[THE RECORDS Boundary: Start]
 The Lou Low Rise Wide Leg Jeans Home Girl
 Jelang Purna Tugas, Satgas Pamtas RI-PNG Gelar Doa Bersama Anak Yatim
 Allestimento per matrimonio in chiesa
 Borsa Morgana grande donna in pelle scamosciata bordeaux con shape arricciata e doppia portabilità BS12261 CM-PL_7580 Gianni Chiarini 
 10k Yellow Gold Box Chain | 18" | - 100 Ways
[THE RECORDS Boundary: End]
[THE RECORDS Boundary: Start]
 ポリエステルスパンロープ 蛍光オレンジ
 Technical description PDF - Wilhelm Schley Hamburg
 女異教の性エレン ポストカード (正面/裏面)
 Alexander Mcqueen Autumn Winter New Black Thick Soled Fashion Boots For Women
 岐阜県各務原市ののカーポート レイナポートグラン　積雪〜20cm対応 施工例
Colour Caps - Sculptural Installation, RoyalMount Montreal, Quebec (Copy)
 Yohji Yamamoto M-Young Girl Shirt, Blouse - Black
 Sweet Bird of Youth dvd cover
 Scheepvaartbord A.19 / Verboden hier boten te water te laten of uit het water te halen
[THE RECORDS Boundary: End]
[THE RECORDS Boundary: Start]
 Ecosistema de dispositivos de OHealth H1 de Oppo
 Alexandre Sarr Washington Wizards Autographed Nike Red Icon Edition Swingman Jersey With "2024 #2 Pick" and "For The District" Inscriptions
[THE RECORDS Boundary: End]
## TASK INSTRUCTIONS:
Every line above from the line with "Borsa Morgana grande" to the line with "10k Yellow Gold", inclusive, must be returned exactly; no other line belongs in the reply.

## ANSWER SECTION:
 Borsa Morgana grande donna in pelle scamosciata bordeaux con shape arricciata e doppia portabilità BS12261 CM-PL_7580 Gianni Chiarini 
 10k Yellow Gold Box Chain | 18" | - 100 Ways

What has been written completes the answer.